社長と幹部さえ見れば、勤労意欲や向上心があるか否かなど、容易に察せられるものだ。
会社内の連絡・報告・申告がスムーズに行われているか否かを知りたければ、食堂や休憩室で社員の様子を見るといい。
社長や幹部が、下級管理職や若い社員とテーブルを共にし、談笑する事があるか?
下級管理職が、若い社員や派遣とテーブルを共にし、談笑する事があるか?
社員と派遣が、テーブルを共にし、談笑する事があるか?
そして、テーブルを共にするだけでなく、一緒に飲みに行くなどの付き合いがあるか?
良く談笑し、飲みに行く付き合いもあれば、それは“上下の社員の関係が親密”な証拠だ。
上下の社員の関係が親密な会社は、連絡・報告・申告・助言が非常にスムーズに行き渡り易いものだ。
上下の社員が疎遠な会社では、“要望”一つ取っても、まず社員から下級管理職へ何度も申告し、下級管理職から幹部へやっと申告してもらえるという段階を経なければ、上まで届かない。
そして、幹部に申告が届いても、日頃現場で働かない幹部には、その重要性も有効性も理解できない為、中々、承諾・実行してもらえない。
実に、最初の申告から承諾・対処が行われるまで、数ヶ月から一年以上もの時間を要してしまう事もある。
所が、上下の社員が親密な会社では、小さな事は一々申告せずとも、食堂で談笑するだけで済む。

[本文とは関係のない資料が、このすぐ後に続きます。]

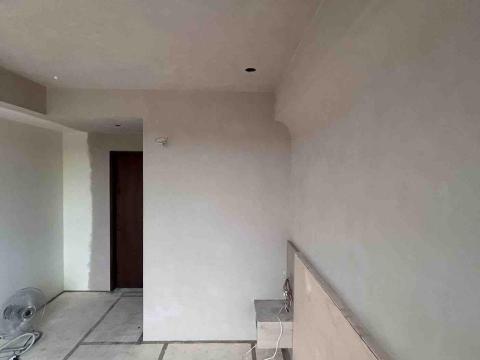 威棩 -  塗料樣式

同じテーブルで“談笑”という形を通して、社員から幹部にダイレクトに要望を伝えられるからだ。
しかも、上下の社員が親密な会社は、幹部も社員と肩を並べて現場で良く働く為、その重要性や有効性を直ぐに理解してもらえる。
(そもそも、共に肩を並べて同じ仕事に携わるからこそ、社員と幹部という間柄でも談笑する機会が増え、親しみが湧くのである)
ゆえに、他の会社ならば一年前後も掛かってしまうような事柄が、その日の内に承諾を得、対処してもらえたりする。
数年前に私が派遣された会社は、社長が全く働かない所だった。
幹部にも勤労意欲が見られず、終始マイペースでしか動かない。
食堂でも休憩室でも、幹部と社員が親しく談笑する事もなかった。いや、談笑どころか、年配の幹部は若い社員や派遣とは、ろくに口を聞こうともしなかった。
社員と派遣の間には、共にテーブルを囲む程度の親しみはあったが、飲みに行くほどの付き合いはなかった。
私は初日に、社長と幹部を見、食堂や休憩室を見て、「この会社はダメだ」と思った。そして、数日を経たずして、予想通りの酷い内情を見た。
上の者に勤労意欲がない為に、その影響を強く反映する社員。彼らは現場では、面倒な仕事は全て派遣に押し付けていた。
本来なら熟練を要する作業。長時間の立ち仕事。汗を流すような仕事は、全部、派遣の仕事になっていた。
低賃金であるにも関わらず、過酷な仕事を任される・・・・・まあ、派遣の世界では良くある事だ。
私を含め三名の派遣が配属されると共に、入れ替わる形で三人の派遣が辞めていったが、彼らはこれが気に入らなかったらしい。
連絡事項の非スムーズさも予想通り。
この会社では、一日に何種類かの製品を製造する。一つの製品を一定量製造し終われば、次の製品を製造する為に新しい機材や備品を用意する必要がある。
その役割を幹部社員が担当していたが、日頃からろくに口を聞かない幹部に、誰も進んで報告や依頼を行うとしないのだ。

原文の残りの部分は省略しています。